In general I consider it one of my significant failures in life that I am barely able to engage with the world in any way, apart from thinking about it. I consider my life to be almost a complete failure, an absolute disaster, though I realize this is often not how my life is perceived by others. But about that my main thought is that they simply don't know the extent of the disaster.

And yet, at the same time, I don't think a 'real job' would have so much effect on my writing, at least not at this point, at age forty-one. I think I would walk through any real job with the same abstracted distance that allows me to survive all the other unpleasant things in daily life, always searching for the correct overview, the insights that will make all the hopeless struggle just a little bit more worthwhile.

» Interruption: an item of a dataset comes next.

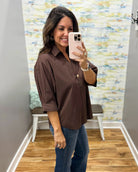 A woman takes a mirror selfie wearing a brown button-down shirt with rolled-up sleeves and blue jeans in a fitting room with a patterned wallpaper background.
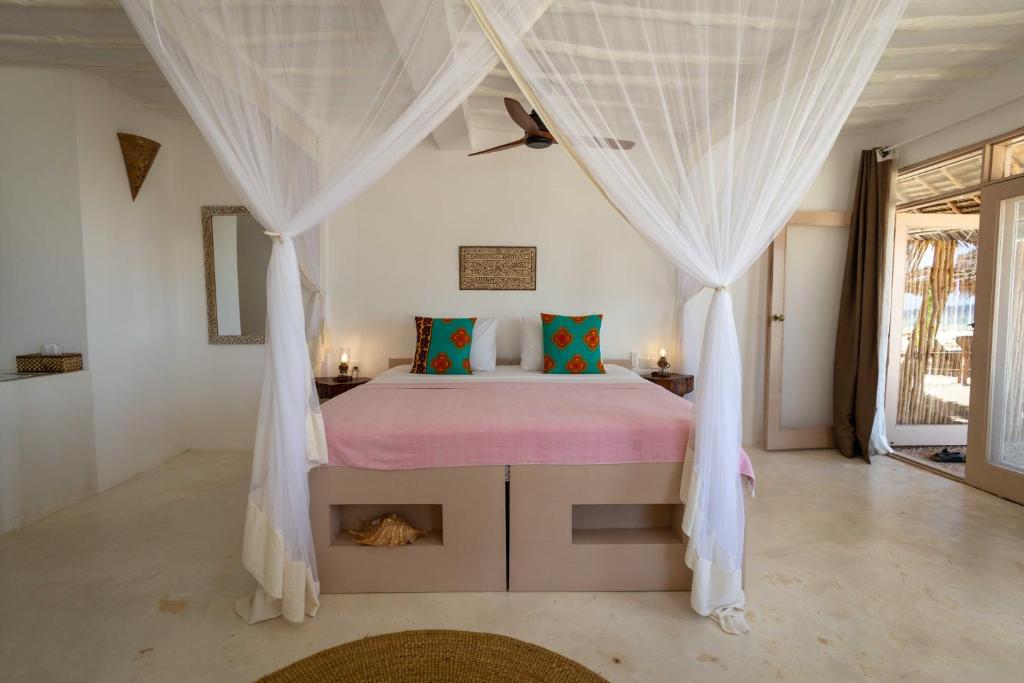 Postel nebo postele na pokoji v ubytování Sharazad Oasis Retreat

I absolutely do not want to give any disrespect to real jobs. But I think organic farming is a real job, fighting for a more just world is a real job, maybe healing the the sick is a real job. Of course I do none of these things. But so many of the things that people call real jobs, that people do to make money, especially if they are making large quantities of money, seem to me to not be jobs but crimes. Even things people do to make small amounts of money, because they feel they have no choice (since there are so many things in each of our lives about which it most often feels we have no choice), are embedded within these networks of poorly thought out destruction.

Of course I don't think art, or writing, is any better. Everything is just a slightly different angle on the same overwhelming problem. We all do the things we feel able to do.

I often write about how the psychotic unfairness of our world completely destroys me. That some people do beautiful, important jobs and can barely survive, while others do evil, stupid jobs and fill their offshore accounts with more money than they could spend in a thousand lifetimes. I think about all this when I hear the word job: what is important, what does our culture value and not value, what does it mean to survive and what does it mean to live. I can't think about the fact that I don't have a 'real job', and that my life is relatively easy compared to most, without thinking about the web of incredible unfairness in which all these categories are embedded and create.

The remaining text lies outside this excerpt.